Romance is the hallmark of the Six personality. They exude nurturing, loving, and caring energy. Sixes are in love with the idea of love in its idealized form - and with their magnetic personalities, they easily draw people toward them. Like the number Two personality, they seek balance and harmony in their life and the world at large. They are conscientious and service-oriented, and a champion for the underdog. These personalities naturally attract money and are usually surrounded by lovely material objects - but their human relationships are always primary. They thrive in giving back to others rather than being motivated by their own desires.

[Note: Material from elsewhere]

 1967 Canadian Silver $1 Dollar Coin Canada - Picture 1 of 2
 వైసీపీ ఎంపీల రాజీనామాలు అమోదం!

This is when they achieve great things. Sixes are natural teachers, ministers and counselors.



Lenore is essentially a literary name, made popular by poet Edgar Allen Poe in the mid 19th century. It’s a haunting, dark poem in Poe’s typical gothic style, but Lenore represents the perfect woman with whom the speaker hopes to be reunited in Paradise. Only the raven doesn’t seem to give him much hope (see literary references below). At the end of the 1800s up through the 1930s, Lenore enjoyed some quasi-respectable levels of usage (never a Top 300 choice, although she did come close in the 1920s). The name retreated into hibernation from the 1950s onward, and then fell off America’s Top 1000 list in 1974. Lenore has yet to return to the charts after 40 long years – clearly a forgotten name. Yet we find this one a high-brow literary choice for lovers of the gothic style, and it’s also quaintly old-fashioned in the same way as other turn-of-the-century favorites. Lenore is a name to consider in our book. Read the poem. You’ll be as haunted by this name as we were.

Quick Facts













The Other One; or The Bright One










Cultural References to the Baby Name – Lenore

Literary Characters


Lenore is the title character of Edgar Allen Poe’s 1843 poem, “Lenore”, which was a paean to the lost love, the young and beautiful Lenore. Her lover, Guy de Vere, bemoans her passing, eulogizing her as the epitome of goodness and beauty and striking out against those he believed had wished her ill in life. His bitterness is offset by the remembrance of her angelic nature and by his belief in an eternity in which they will be reunited.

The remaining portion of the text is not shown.